When I came back to Yale this fall after having sat out spring 2008, I wanted variety in my class schedule. In my previous semester I had taken four English classes, which proved disastrous. Each course was worthwhile in isolation, but all together the sameness of the work was stultifying. I could barely finish the writing; the less I say about the reading, the better.
As shopping week began, I decided to take Basic Drawing at 8:30 a.m. on Mondays and Wednesdays. Several things about this idea appealed to me: the unexpectedness, the novelty, the early hour (which would ensure that, at least twice a week, I wouldn’t sleep too late) and the notion of cultivating a disciplined artistic practice, something I hoped might be applicable to writing. The professor seemed glad to have a second-semester senior in his class. “No self-respecting Yale student,” he says, “should graduate without taking Basic Drawing.”
There are three other seniors and one graduate student in the class. The other seven students are freshman girls. For the most part, they’re a quiet, reserved group. I saw no huge disparity in drawing abilities as the class began. Some people seemed better trained than others, but everyone demonstrated strength at some point. At midterm, the focus of the class became our final projects, what the teacher calls, with his characteristic nominative flair, our “independent research.”
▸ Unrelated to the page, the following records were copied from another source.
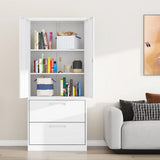 LISSIMO 31.50 in. W x 70.87 in. H x 15.75 in. D 2 Adjustable Shelves Steel Freestanding Cabinet with 2 Drawers and Lock in White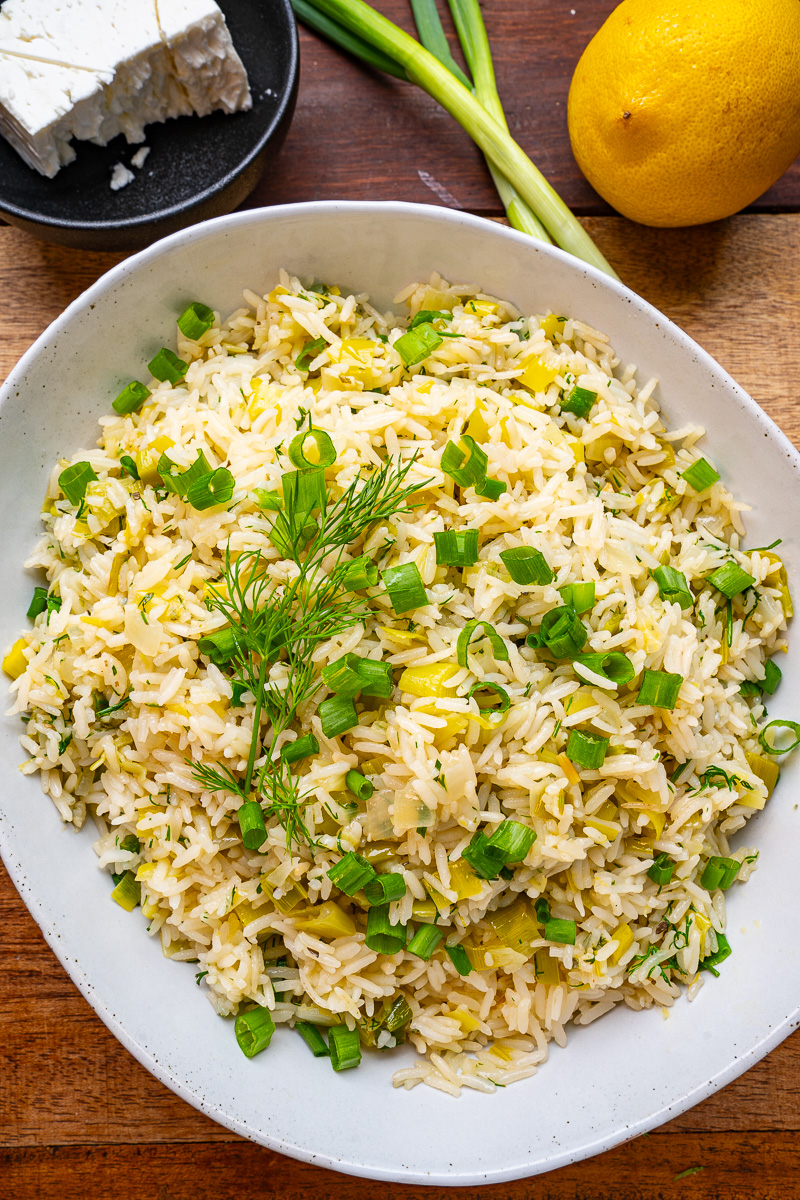 Prasorizo (Greek Leeks and Rice)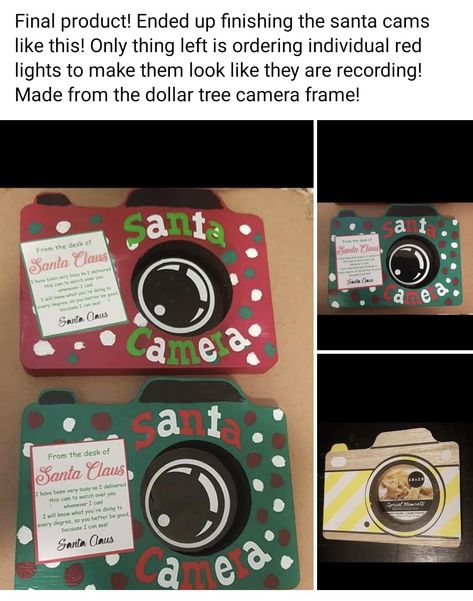 Dollar Tree Santa Cam, Elf Cam, Dollar Tree Frames, Santa Cam, Camera Frame, Diy Santa, Bazaar Ideas, Fair Projects, Dollar Tree Christmas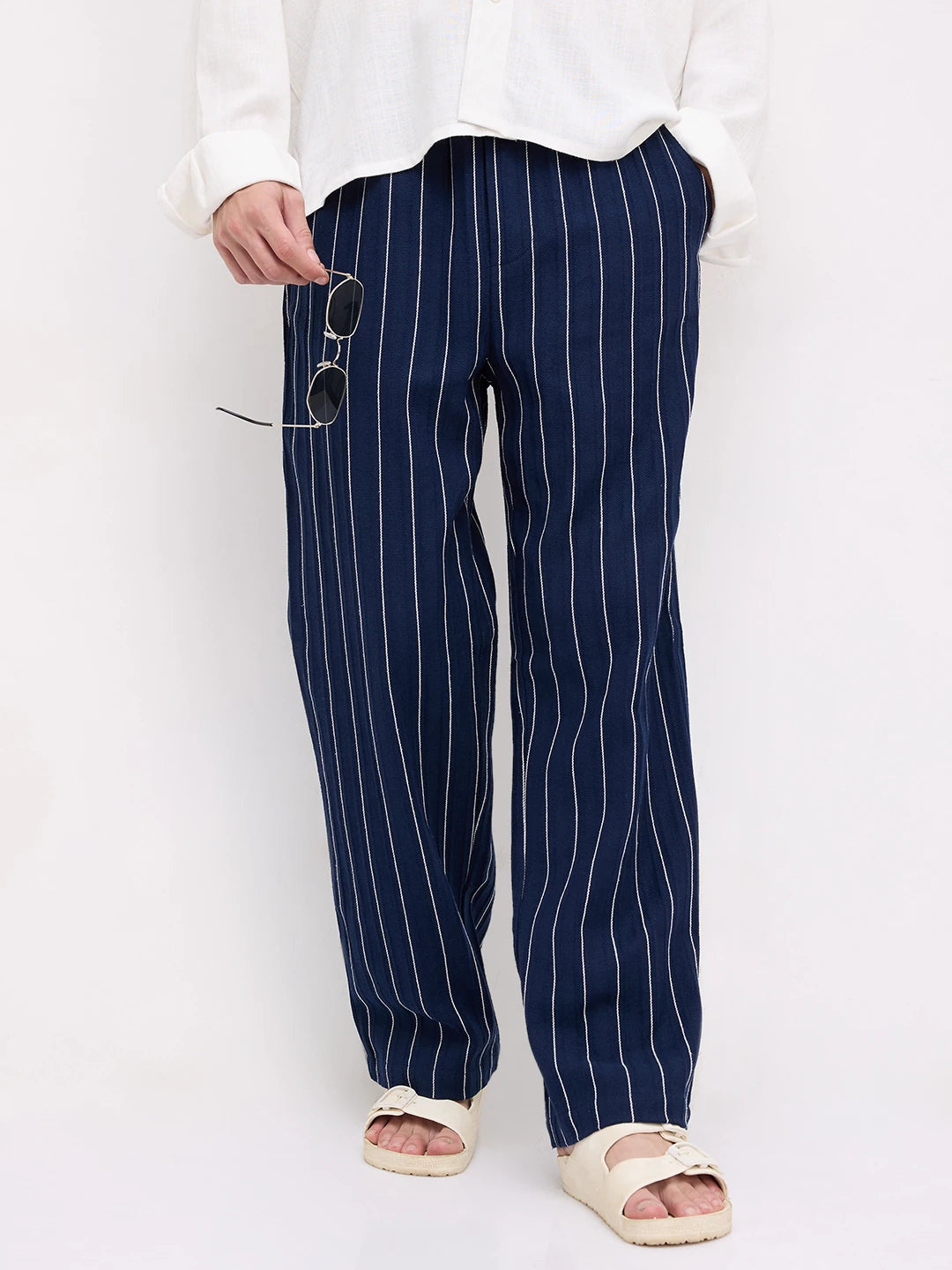Finesse Navy Straight Fit Trousers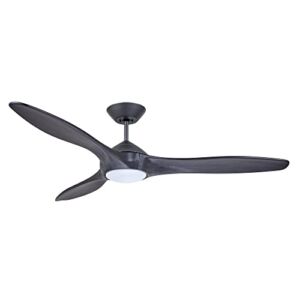 Luminance Kathy Ireland Home Lindbergh Eco 60 Inch Ceiling Fan with Light | LED Lighting Fixture with 6-Speed Wall Control and 3 Solid Wood Blades, Graphite, 13.80×13.80×60.00 (CF315CR60GRT)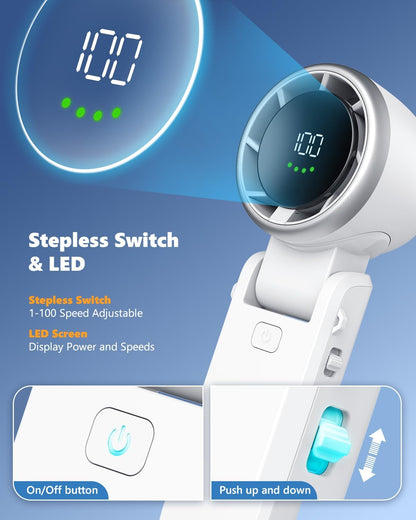 TurboFan Pro™ | Portable Handheld Turbo Fan with 100-Speed Control & 5000mAh Battery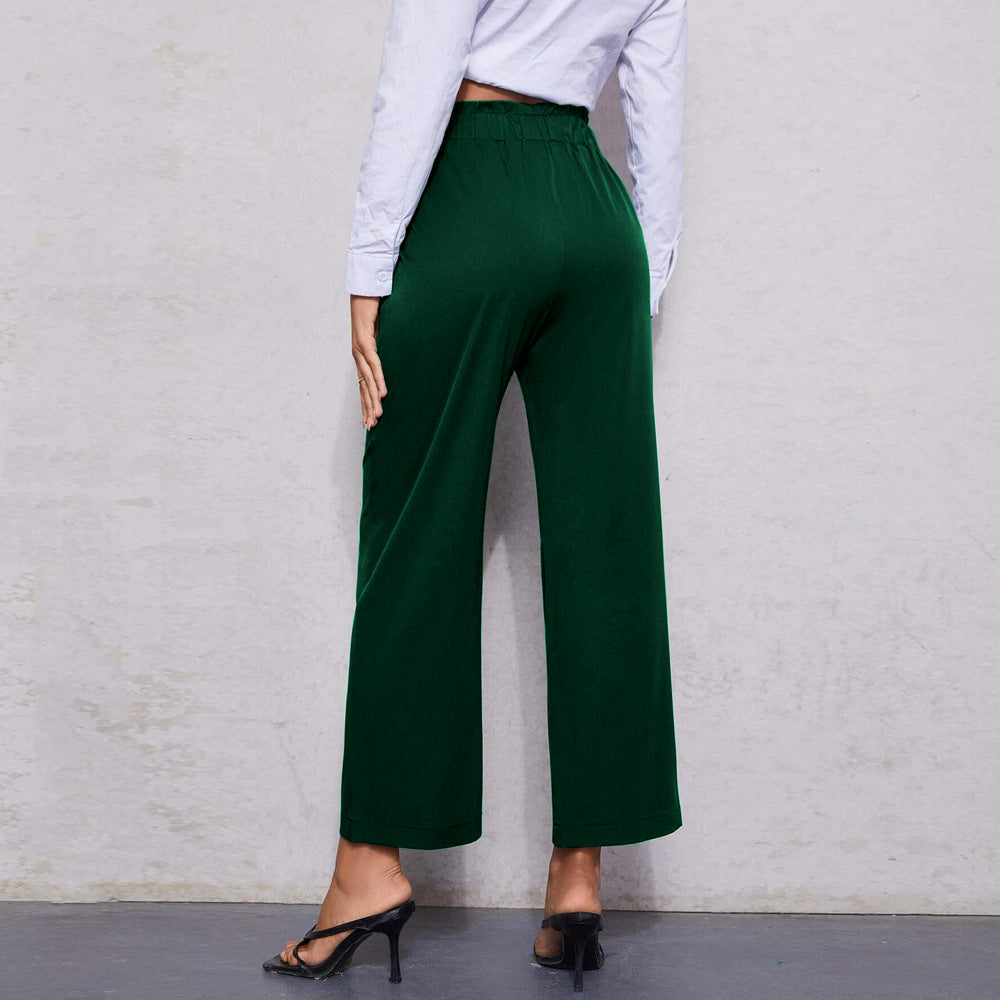 Straight-Leg Cropped Pants with Ruffled Elastic Waist
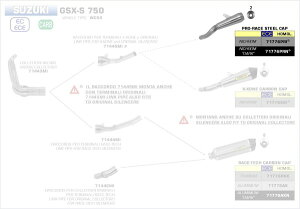ARROW / �A���[ SUZUKI GSX-S 750 E�}�[�N�� PRO RACE �j�N���� �T�C�����T�[ + �����N�p�C�v �I���W | 71776PRI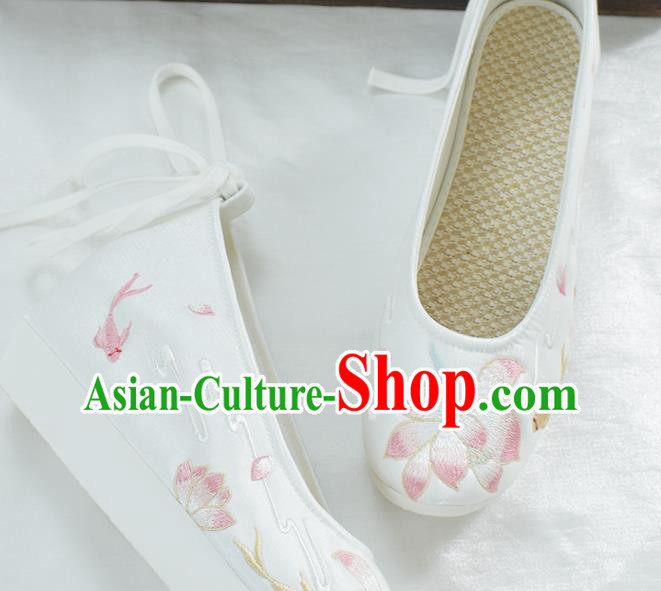 China Traditional Embroidered Lotus Shoe Ancient Princess White Cloth Shoes Classical Dance Shoes
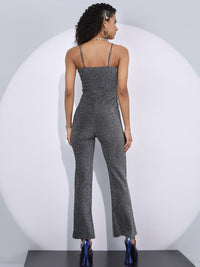 Tokyo Talkies Silver-Toned Tie-Up Butiran Shimmer Basic Jumpsuit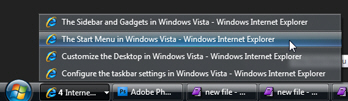 Grouped taskbar buttons in Windows Vista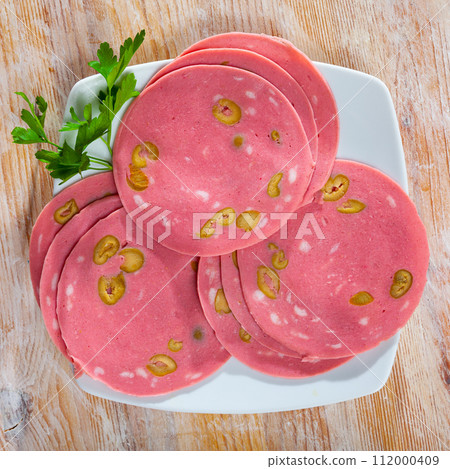 Mortadella sausage with olives 112000409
The class had been going well for me, but as the independent research began, I foundered. I had no emotional investment in my subject matter; I started to avoid it. Last week we brought in the first substantial products of our research. Two of the freshmen came to class not with a couple of completed homework assignments, as the rest of us had done, but with what was undeniably art, in an I-know-it-when-I-see-it kind of way. One had done several surrealistic charcoal drawings of a strange, multi-chambered space, which she says is her room but which must have been intensely fictionalized. Inside the space is a bizarre and mutable form, vaguely creature-ish, like an abstract sculpture.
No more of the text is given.